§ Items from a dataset
____________
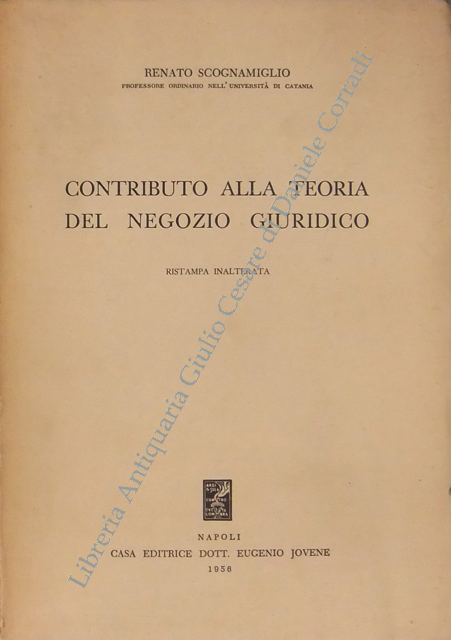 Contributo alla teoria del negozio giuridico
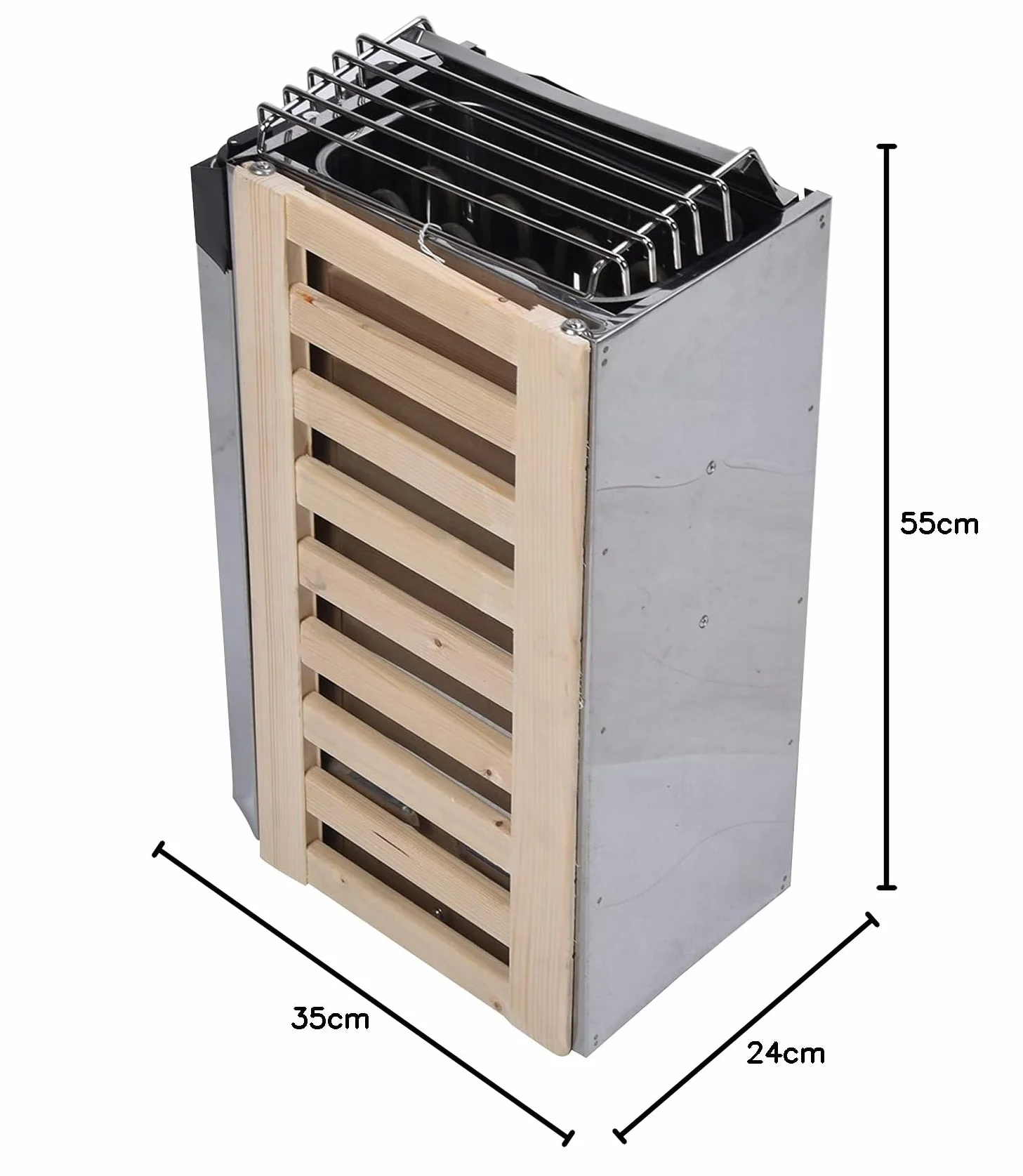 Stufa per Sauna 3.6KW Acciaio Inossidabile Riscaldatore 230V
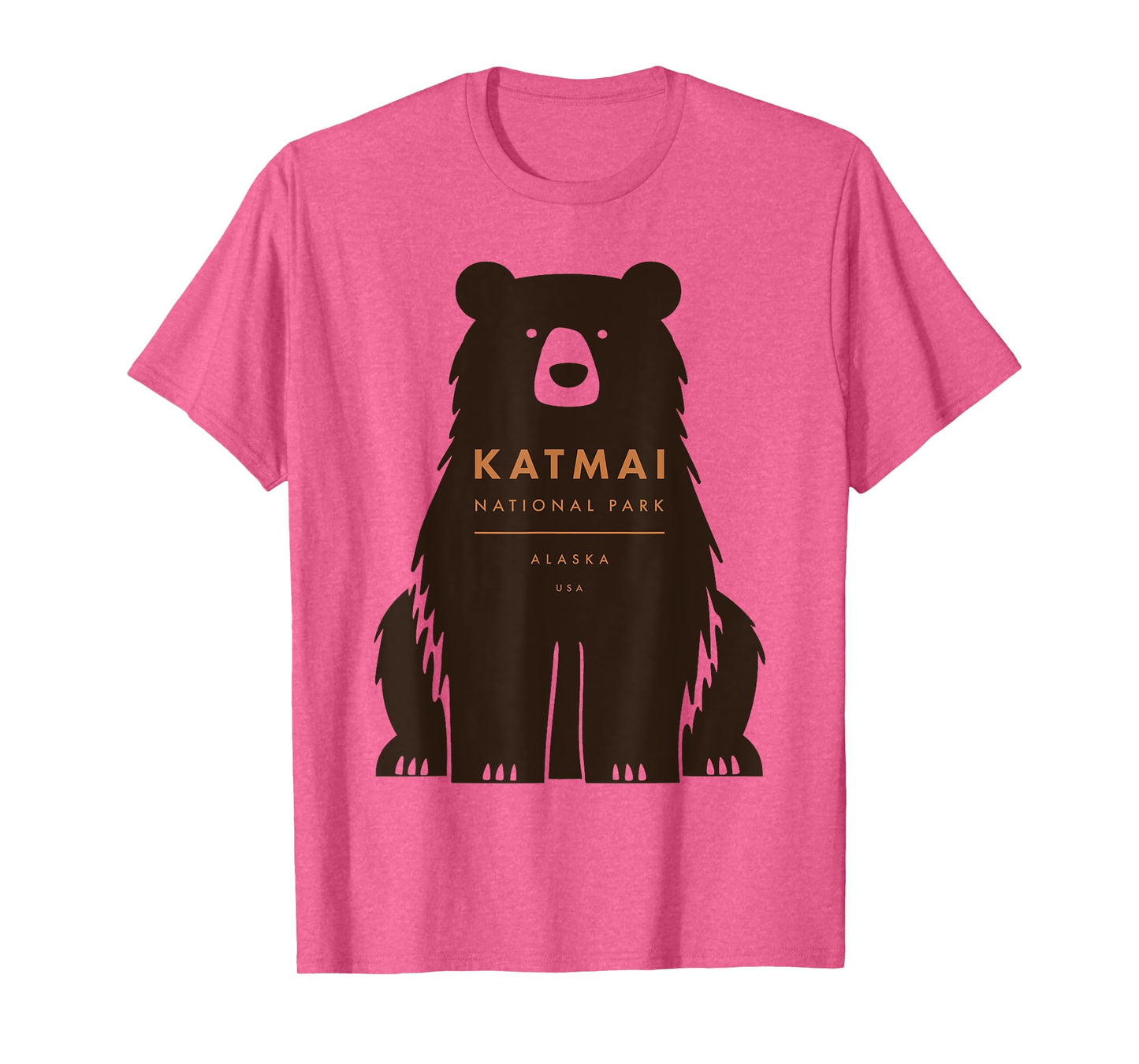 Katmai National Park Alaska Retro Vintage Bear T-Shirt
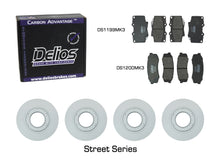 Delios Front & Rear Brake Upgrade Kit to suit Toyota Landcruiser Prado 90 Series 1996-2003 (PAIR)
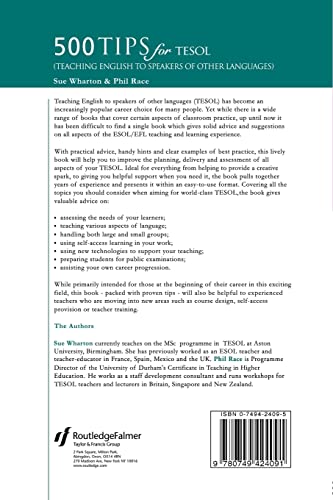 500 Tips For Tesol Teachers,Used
____________
Type the entries again verbatim. Any pictures should be skipped.

§ Answer space
 Contributo alla teoria del negozio giuridico
 Stufa per Sauna 3.6KW Acciaio Inossidabile Riscaldatore 230V
 Katmai National Park Alaska Retro Vintage Bear T-Shirt
 Delios Front & Rear Brake Upgrade Kit to suit Toyota Landcruiser Prado 90 Series 1996-2003 (PAIR)
 500 Tips For Tesol Teachers,Used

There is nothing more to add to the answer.